By Adele Annesi

Word for Words is by author Adele Annesi. For Adele's website, visit Adele Annesi.

Wednesday, November 20, 2019

When Absence Makes the Writing Heart Grow Fonder

Let’s face it. We’re busy people, with lives, loves, problems, any or all of which can keep us from writing. So how does one get back into what iconic Southern gothic writer Flannery O’Connor called the habit of writing? And might what we learned in the meantime even inspire us?

Whether you step away from writing for moments or decades, it can be tough to get your head back in the game. And the mind is where the proverbial rubber typically meets the road. In reality, it’s easier to leave off writing than stick with it. People do have lives, after all, families, pets, doctor appointments.
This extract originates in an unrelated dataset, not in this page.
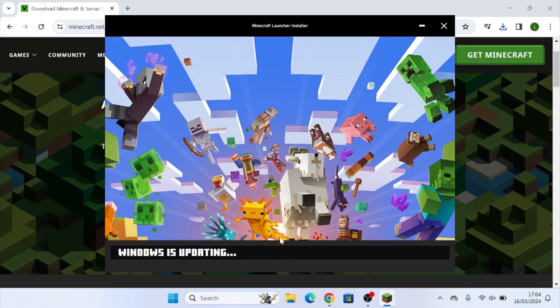Then you're going to wait a couple seconds to a couple minutes for this to install. As you can see, it's currently updating Windows just so it can install properly. Yours may or may not need to do this, but just allow it to install everything that it needs. It's pretty fast and it's already done where it says welcome to Minecraft. Installation is done.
We all get hungry, tired, bored, distracted. We have jobs, needs. And sometimes what we need is a break. Even when we don’t need one, we want one.
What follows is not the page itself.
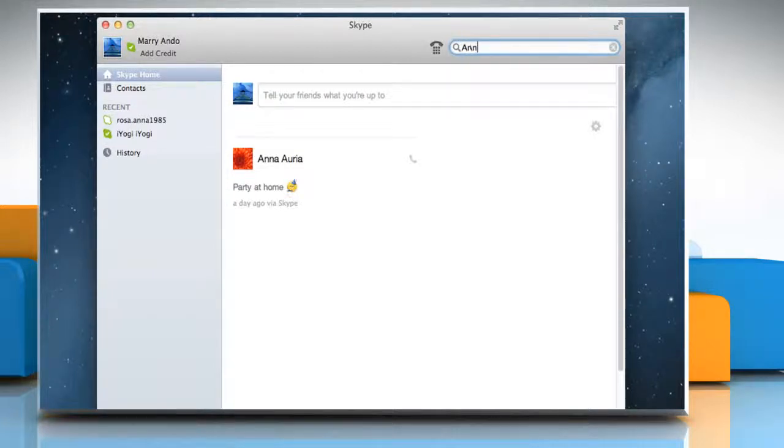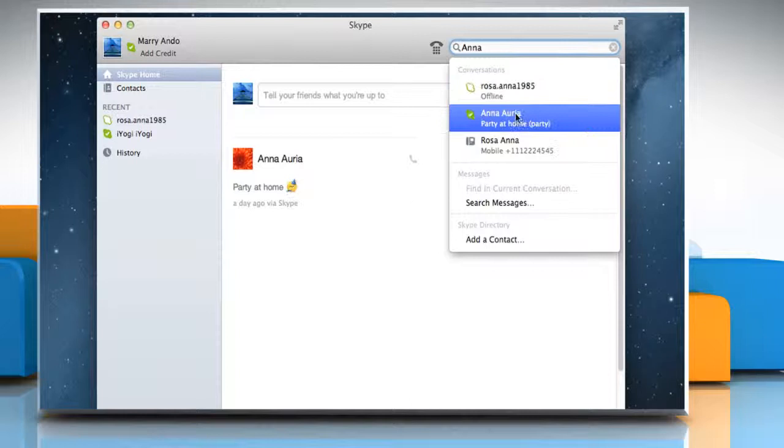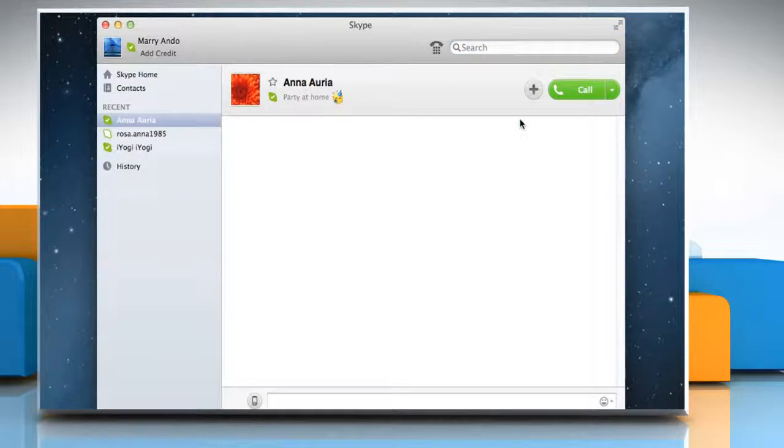Start typing your contact's name into the search field and you'll see the matching contacts under Conversations. Click the contact you were looking for to open the conversation window.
That said, I don’t necessarily believe in writer’s block, as people usually mean it: “I sat down to write and couldn’t.” If you sit down and grouse about why you can’t write, you’re cured. But you may not be cured of what many really mean by writer’s block: “I can’t write what I want, how I want.”

Another view of writer’s block is the mental jam-up that occurs when your mind churns out reason after reason not to sit down and just do it, or to stop doing it because it’s too hard. You don’t have time. Your writing is bad. You haven’t had an original idea in recent history. Your work will never go anywhere; neither will you as a writer. Even if you do write, by the time you’re good at it, everyone will have beaten you to the publisher, possibly with your very own idea. With internal diatribe like this, who could turn out another word, let alone one anyone would read?

While we agree that the return to writing isn’t easy, it is straightforward: Write anyway. No time? Write anyway, even a few notes to start. Bad writing? Write anyway. The more you write, the better you’ll become. No originality? Write anyway and revise what you write. Tired, no prospects for your work? Write anyway. You’re likely to fall back in love with it and continue. For this, the French have a saying: “Eating builds appetite.” So, too, with writing, and once you finish a piece, you can seek a home for it. From blogs to podcasts, there are more venues now than ever, and they need content, thus writers.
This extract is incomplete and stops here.